Se tudo isto parece uma ficção distópica ou demasiado óbvio para não ser acautelado, aviso que já aconteceu. Em 2021, o governo dos Países Baixos demitiu-se por causa de um escândalo relacionado com a identificação de fraude na segurança social. Conforme escreveu então o PÚBLICO, “em muitos casos, as acusações do fisco tinham como base a falta de assinaturas ou o não preenchimento de um formulário. Como consequência, milhares de famílias, além de perderem direito aos abonos, foram obrigadas a devolver milhares de euros, o que as atirou para a falência, criando uma profunda crise social”. A maioria destas famílias era pobre e imigrante e tinha sido identificada não por “burocratas”, como inicialmente se pensou, mas por um AIA xenófobo, o SyRI. A verdade é que ainda temos enormes dificuldades em auditar algoritmos, principalmente para enviesamentos que não sabemos antecipar.
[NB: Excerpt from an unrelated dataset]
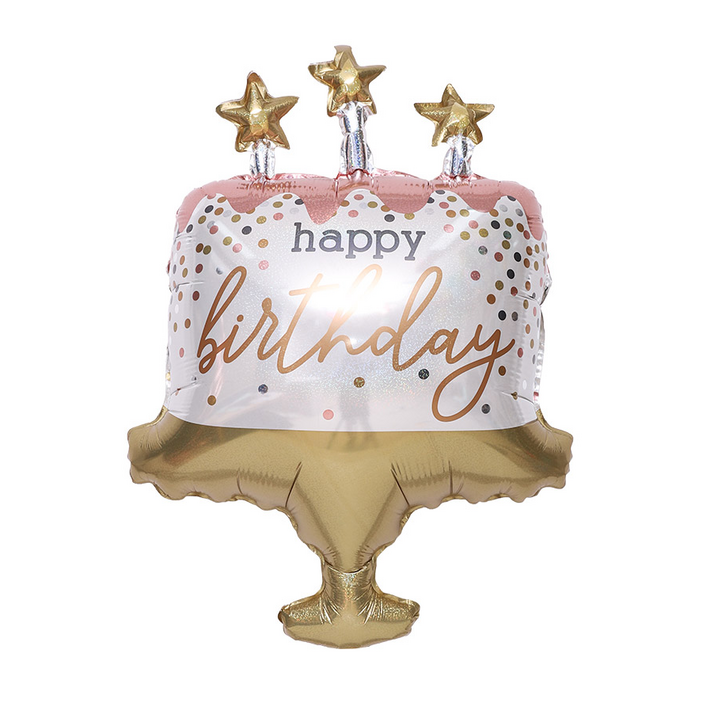 33인치 은박 생일 케이크 풍선 기념일 셀프 촬영 소품 생일 다이소 파티 이벤트 용품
Não sou especialista em finanças e os exemplos que dei não serão os melhores, mas o propósito deste texto é mais geral: embora estejamos a ser muito rápidos a implementar AIA, não conseguimos prever o que eles irão fazer, ou que preconceitos irão carregar e eles não são responsabilizáveis pelos graves erros que cometem. São cada vez mais os exemplos das suas limitações e não podemos defender a sua utilização quando esta identificação pode levar a punições, como no caso de fraude putativa ou de policiamento preditivo. Aliás, a utilização do SyRi, foi condenada em Haia por atentar contra os Direitos Humanos.

Existe grande potencial para a IA na Administração Pública e um amplo espaço para colaboração com as instituições académicas. Que exista também informação e bom senso.